* _WORK TO BE COMPLETED_: Copy the entries exactly, through the "Agriturismo Il Macchione" line.

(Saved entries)
· · ·

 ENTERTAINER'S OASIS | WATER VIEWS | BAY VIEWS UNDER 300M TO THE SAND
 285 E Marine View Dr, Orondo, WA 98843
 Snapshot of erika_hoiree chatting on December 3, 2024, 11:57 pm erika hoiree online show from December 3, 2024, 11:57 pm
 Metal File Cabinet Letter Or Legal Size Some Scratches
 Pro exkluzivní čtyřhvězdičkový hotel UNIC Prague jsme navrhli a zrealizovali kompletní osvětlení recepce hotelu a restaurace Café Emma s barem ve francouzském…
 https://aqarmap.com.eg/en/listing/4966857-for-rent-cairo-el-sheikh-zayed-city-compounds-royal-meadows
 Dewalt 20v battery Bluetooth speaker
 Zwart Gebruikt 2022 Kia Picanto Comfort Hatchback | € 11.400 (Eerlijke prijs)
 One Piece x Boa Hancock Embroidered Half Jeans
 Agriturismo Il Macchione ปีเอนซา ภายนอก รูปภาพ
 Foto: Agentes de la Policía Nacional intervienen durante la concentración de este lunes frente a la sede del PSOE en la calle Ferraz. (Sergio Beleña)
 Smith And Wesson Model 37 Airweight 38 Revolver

· · ·

* _ANSWER SPACE_:
 ENTERTAINER'S OASIS | WATER VIEWS | BAY VIEWS UNDER 300M TO THE SAND
 285 E Marine View Dr, Orondo, WA 98843
 Snapshot of erika_hoiree chatting on December 3, 2024, 11:57 pm erika hoiree online show from December 3, 2024, 11:57 pm
 Metal File Cabinet Letter Or Legal Size Some Scratches
 Pro exkluzivní čtyřhvězdičkový hotel UNIC Prague jsme navrhli a zrealizovali kompletní osvětlení recepce hotelu a restaurace Café Emma s barem ve francouzském…
 https://aqarmap.com.eg/en/listing/4966857-for-rent-cairo-el-sheikh-zayed-city-compounds-royal-meadows
 Dewalt 20v battery Bluetooth speaker
 Zwart Gebruikt 2022 Kia Picanto Comfort Hatchback | € 11.400 (Eerlijke prijs)
 One Piece x Boa Hancock Embroidered Half Jeans
 Agriturismo Il Macchione ปีเอนซา ภายนอก รูปภาพ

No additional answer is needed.